By DAVID EGGERT and ED WHITE
LANSING, Mich. (AP) – Michigan Gov. Rick Snyder testified behind closed doors Wednesday about his role taking Detroit into bankruptcy, a rare interview with lawyers for creditors who pressed him about retiree pensions and asked if the city could have done more to avoid the historic filing.
Snyder waived executive privilege and gave a three-hour deposition at his office in Lansing. The testimony can be used as evidence in an upcoming trial that will determine whether Detroit is eligible to shed or restructure at least $18 billion in debt in U.S. Bankruptcy Court.
Snyder, a Republican, didn’t speak to reporters but issued a statement that repeated many of his previous justifications for the largest public bankruptcy in U.S. history.
The “Chapter 9 filing was a difficult but necessary decision, one that clearly was the last and only viable option to resolve the city’s fiscal crisis and restore the greatness of this proud city,” the governor said.
Three months after the filing, no assets have been divided and no major deals have been struck. A judge first must decide whether Detroit has cleared key hurdles that would qualify it for Chapter 9.
“It’s extraordinarily rare” for a governor anywhere to be interviewed under oath about executive decisions, said Devin Schindler, who teaches constitutional law at Thomas M. Cooley Law School.
After the deposition, union attorney Sharon Levine complimented Snyder for stepping forward but told reporters that he wasn’t always forthcoming. She said he sometimes couldn’t recall things and at other times refused to answer questions that might reveal advice he got from his own lawyers.
Levine said there doesn’t seem to be a solution for Detroit retirees who could lose pension benefits.
“The fact that we still don’t really fully understand what comes next and if there’s a safety net that’s being thought about for the retirees is still of concern,” Levine said.
She said Snyder seemed satisfied that Detroit emergency manager Kevyn Orr held good-faith negotiations with creditors before recommending bankruptcy to the governor in July. Creditors aren’t so sure.
“We’re still very concerned that there were no proper negotiations going into this process and that if we had more time and better negotiations perhaps there could be have been a different result,” Levine said.
Last month, the attorney general’s office tried to keep Snyder on the sideline by invoking executive privilege, a common defense. But that didn’t seem to sit well with U.S. Bankruptcy Judge Steven Rhodes, so lawyers for the governor said he would agree to be interviewed.

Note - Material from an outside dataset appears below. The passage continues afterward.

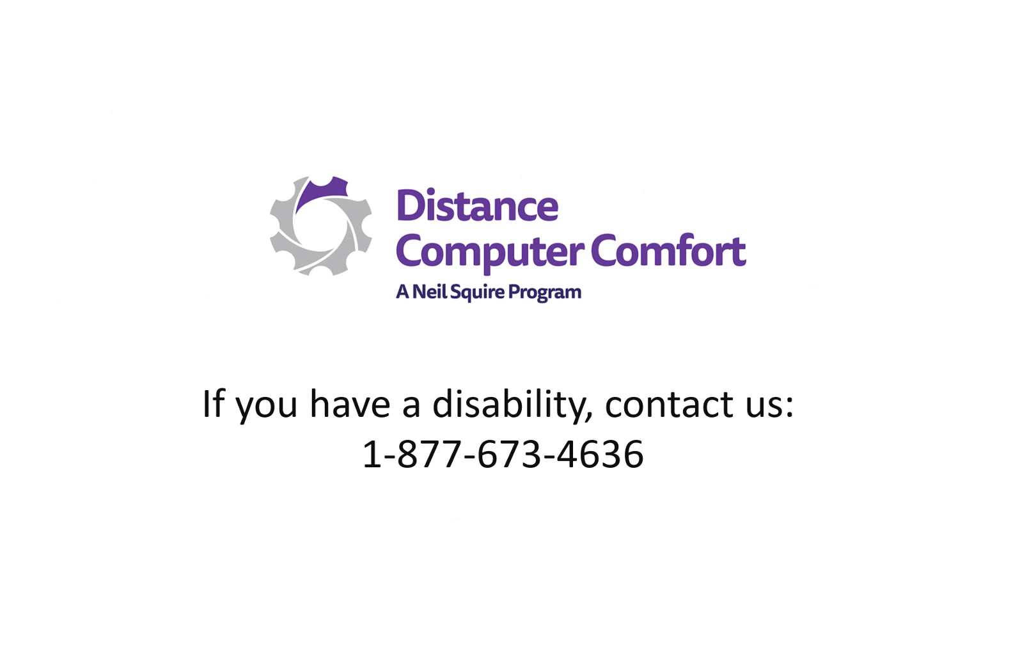If you have a disability, contact us at 1-877-673-4636.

Snyder has repeatedly said bankruptcy was a last resort for Detroit, which has lost 25 percent of its population since 2000 but continues to bear pension and health care obligations struck in better times. He benched local elected leaders in March when he appointed Orr, a bankruptcy specialist, as emergency manager with sweeping powers.

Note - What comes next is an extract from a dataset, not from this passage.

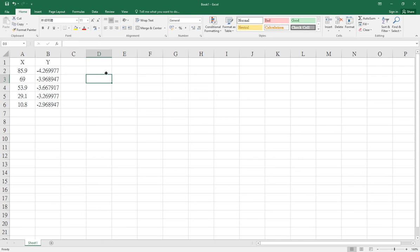This tutorial demonstrates how to make a scatter chart in Excel, add the equation and R-squared values on the chart, and add more decimal places to the equation. Let's get started.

Schindler doubted that Snyder, a certified public accountant who rarely strays from a cautious style of speaking, would give any fuel to critics who want to derail the bankruptcy case.
“He’s a very talented, savvy fellow who understands how the legal system works,” Schindler said. “I’m sure he’ll be careful, precise and honest in what he says.”
Governors and other high-ranking officials generally are protected from testifying in a legal matter. But there are exceptions, especially when the topic is outside their public role. In 1998, President Bill Clinton was on the hot seat when he gave a deposition in a civil lawsuit filed by Paula Jones, who claimed he had sexually harassed her when he was Arkansas governor.